To test how effective banks were at protecting their customers, Which? made calls to a test phone, spoofing the prominent numbers of 14 current account providers. The firms’ numbers were chosen if they were the ones printed on the back of debit cards or listed as fraud helplines on their websites. 

The consumer champion found that at least six major banks and building societies have failed to make full use of the DNO list. At least one phone number from HSBC, Lloyds, Santander, TSB, Nationwide and Virgin Money was successfully spoofed, leaving customers of those firms potentially at risk. 

Such errors are particularly concerning given the high prevalence of spoofing attempts and the relatively low awareness of it among the wider public, meaning potential victims are more likely to engage with ostensibly familiar numbers. 

Which? research in September found that of 2,000 adults, four in ten (42%) said they had not heard of number spoofing scams. 

A separate survey from the consumer champion in June 2022, which covered 1,008 people who lost money to fraud in the past two years, found that of those who were initially approached by either phone or text, two thirds (68%) said the incident involved number spoofing. One in ten (9%) said they did not know or could not remember. 

The investigation comes as the Metropolitan Police last week contacted 70,000 scam victims by text message to inform them they had probably been targeted by fraudsters. The Met’s investigation, Operation Elaborate, focussed on a website that enabled fraudsters to make calls to consumers posing as their bank, tax office or other official agencies.

Ofcom has recently introduced new rules to fight fake number fraud, including making sure numbers meet the UK’s 10- or 11-digit format, blocking calls from numbers not found on the DNO list and identifying and blocking calls from abroad which spoof a UK caller ID.

The consumer champion believes it is encouraging to see the regulator crack down on this type of fraud, which continues to be endemic. The most recent figures from UK Finance found that £59.6m was lost to fraud involving impersonation of banks in the first half of 2022, with the sophistication of scams constantly evolving. 

However, with malicious spoofing predominantly used in authorised push payment (APP) scams, where victims unwittingly transfer money to bank accounts controlled by criminals, victims of APP fraud still face a battle to receive reimbursement. 
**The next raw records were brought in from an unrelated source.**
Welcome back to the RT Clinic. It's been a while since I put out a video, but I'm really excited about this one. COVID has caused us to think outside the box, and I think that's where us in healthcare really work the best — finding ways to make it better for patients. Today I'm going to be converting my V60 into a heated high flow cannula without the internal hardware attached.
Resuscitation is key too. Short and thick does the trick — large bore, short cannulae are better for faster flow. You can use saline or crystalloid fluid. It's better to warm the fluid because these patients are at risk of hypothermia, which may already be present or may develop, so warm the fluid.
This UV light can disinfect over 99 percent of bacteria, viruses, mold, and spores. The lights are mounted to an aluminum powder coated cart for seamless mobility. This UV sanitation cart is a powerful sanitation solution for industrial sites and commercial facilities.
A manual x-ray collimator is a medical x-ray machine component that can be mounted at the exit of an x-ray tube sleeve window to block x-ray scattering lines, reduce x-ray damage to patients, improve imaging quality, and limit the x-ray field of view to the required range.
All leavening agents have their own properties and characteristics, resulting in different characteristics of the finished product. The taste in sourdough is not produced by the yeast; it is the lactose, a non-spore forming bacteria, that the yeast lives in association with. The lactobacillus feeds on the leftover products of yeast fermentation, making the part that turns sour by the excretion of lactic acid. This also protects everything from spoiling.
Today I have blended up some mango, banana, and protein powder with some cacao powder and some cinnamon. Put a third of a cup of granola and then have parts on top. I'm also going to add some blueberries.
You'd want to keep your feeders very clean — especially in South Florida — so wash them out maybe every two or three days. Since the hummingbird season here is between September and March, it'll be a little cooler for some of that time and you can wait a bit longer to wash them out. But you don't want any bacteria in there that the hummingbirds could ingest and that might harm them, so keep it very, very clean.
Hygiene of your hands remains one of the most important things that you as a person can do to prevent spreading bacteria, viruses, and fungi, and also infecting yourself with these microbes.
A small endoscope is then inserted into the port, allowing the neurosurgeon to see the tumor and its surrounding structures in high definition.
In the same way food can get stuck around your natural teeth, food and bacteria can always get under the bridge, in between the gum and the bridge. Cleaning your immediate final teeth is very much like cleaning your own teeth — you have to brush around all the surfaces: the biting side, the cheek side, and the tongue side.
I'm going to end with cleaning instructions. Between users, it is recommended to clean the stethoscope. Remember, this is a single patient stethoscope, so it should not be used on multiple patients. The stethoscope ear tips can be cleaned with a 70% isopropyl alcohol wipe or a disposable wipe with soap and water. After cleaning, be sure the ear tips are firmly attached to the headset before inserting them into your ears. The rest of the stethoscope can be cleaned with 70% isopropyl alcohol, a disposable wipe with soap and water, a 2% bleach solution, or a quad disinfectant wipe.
The latest figures from the Financial Ombudsman Service (FOS), where victims can take their case if their bank denies them reimbursement, reported a 20 per cent increase in the number of authorised scam complaints, with 9,370 in the last year, with the FOS upholding verdicts in the victim’s favour in three quarters of cases – evidence that the current voluntary Contingent Reimbursement Model code, to which most major banks are signed up, is not working effectively. 

The Payment Systems Regulator (PSR) has proposed to require all payment service providers sending payments over Faster Payments to fully reimburse APP scam victims in all but exceptional cases. Which? believes these new rules could be a game changer for APP fraud victims, leading to fairer and more consistent treatment, and should help incentive payment providers to prevent fraud from happening in the first place. 

In order for the PSR to implement these proposals, parliament must first pass the Financial Services and Markets Bill into law. Which? believes this Bill must be passed before next Spring’s King’s Speech.

Rocio Concha, Which? Director of Policy and Advocacy, said “Number spoofing is a particularly malicious form of fraud used by scammers to deceive their victims – and our research shows some banks could potentially be leaving their customers at risk.”

“Spoofing is all too common in APP fraud, where victims continue to lose potentially life-changing amounts of money and still face a battle to get their money back. ”

“Proposals by the PSR to introduce mandatory reimbursement for APP fraud in all but exceptional cases could be a game changer for victims – and help drive payment firms to do more to prevent fraud taking place.”